• [TRY IT]:
What you give back should be exactly the lines from the one with "closeup of christmas" through the final line of the material, pictures removed; please add nothing.

• [DATA BELOW]:
*****

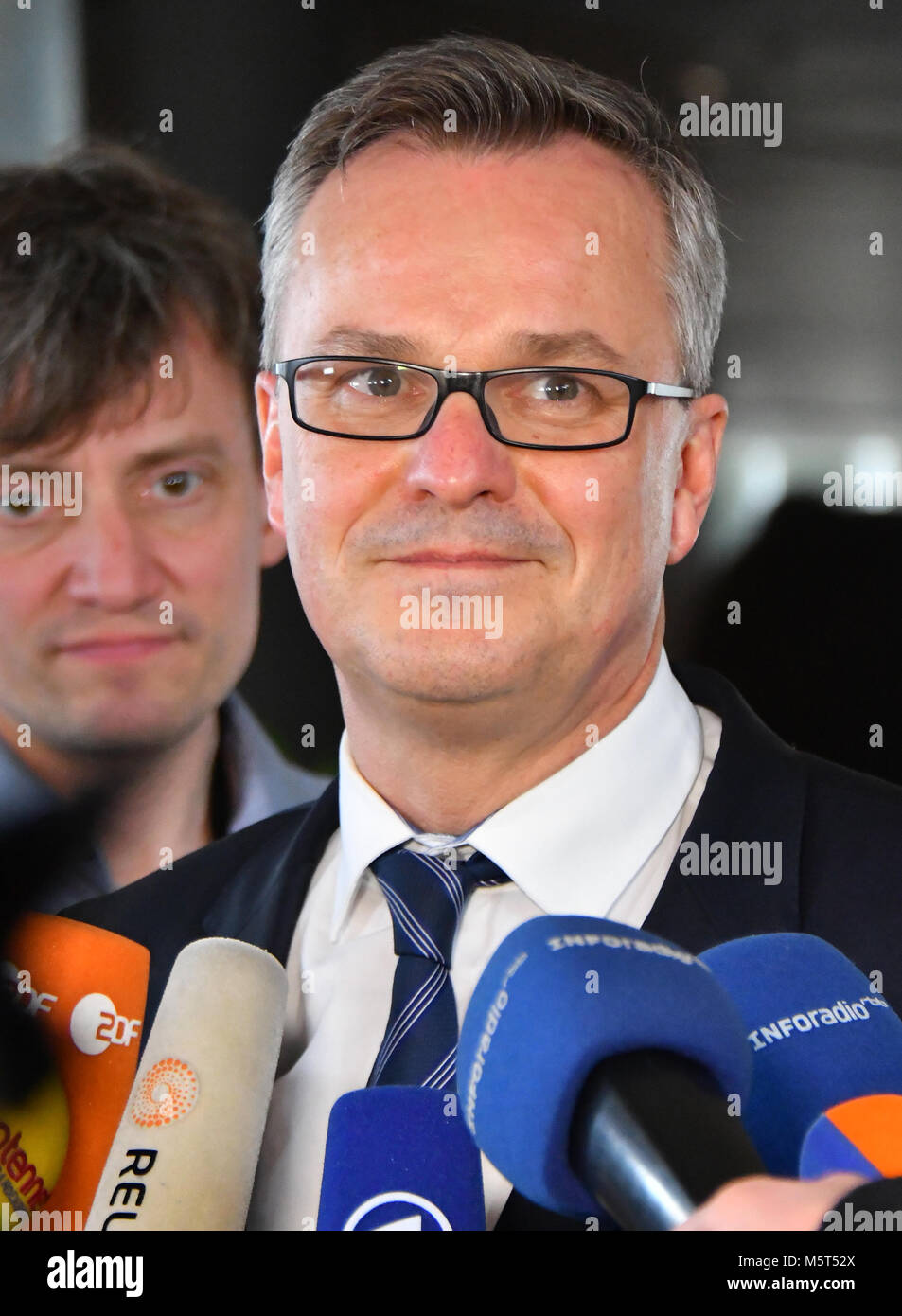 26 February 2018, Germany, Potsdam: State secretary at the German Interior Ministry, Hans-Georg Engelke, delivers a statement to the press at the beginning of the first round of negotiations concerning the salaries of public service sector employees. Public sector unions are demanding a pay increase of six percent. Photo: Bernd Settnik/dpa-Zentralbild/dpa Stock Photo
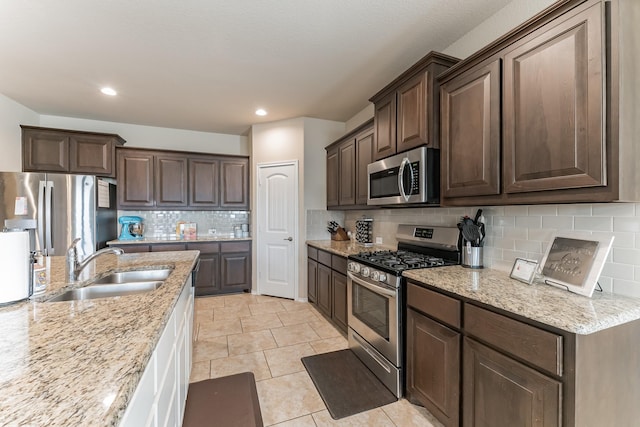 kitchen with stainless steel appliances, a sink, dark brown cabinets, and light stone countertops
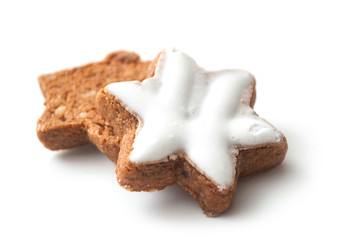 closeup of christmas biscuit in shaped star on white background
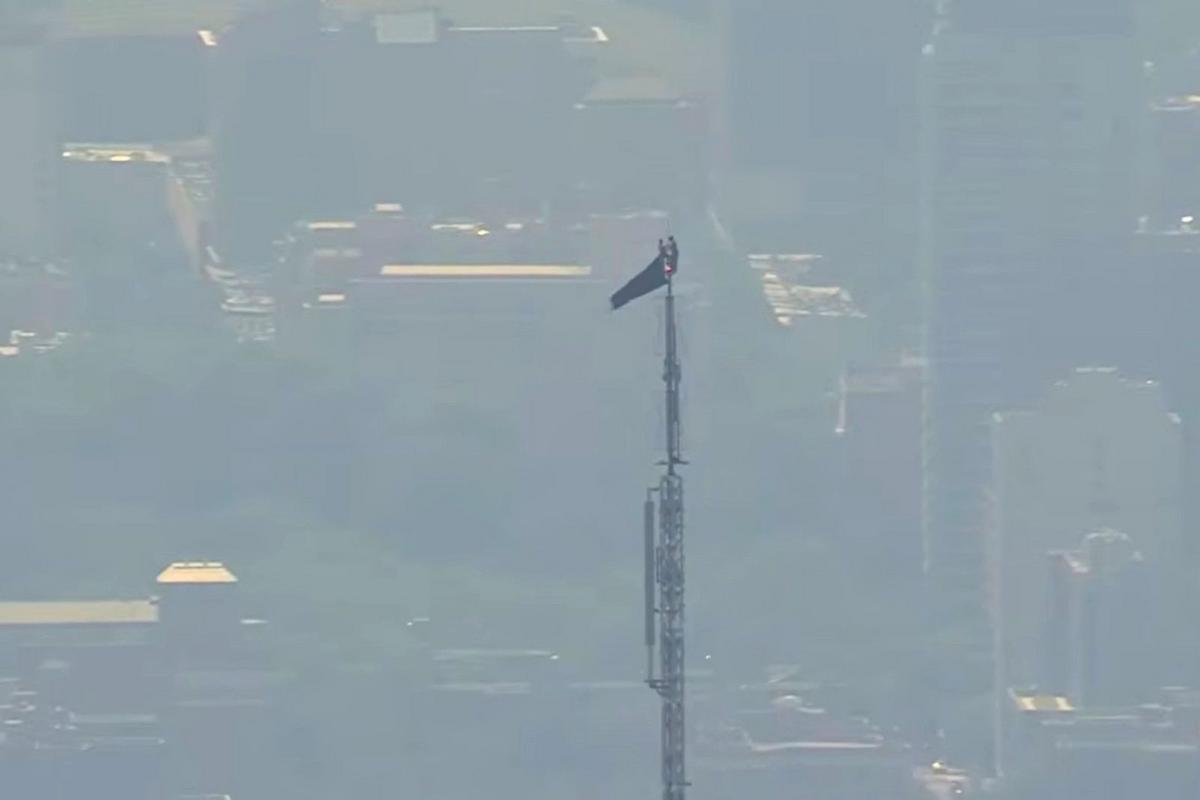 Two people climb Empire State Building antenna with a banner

*****

• [EXERCISE OUTPUT]:
 closeup of christmas biscuit in shaped star on white background
 Two people climb Empire State Building antenna with a banner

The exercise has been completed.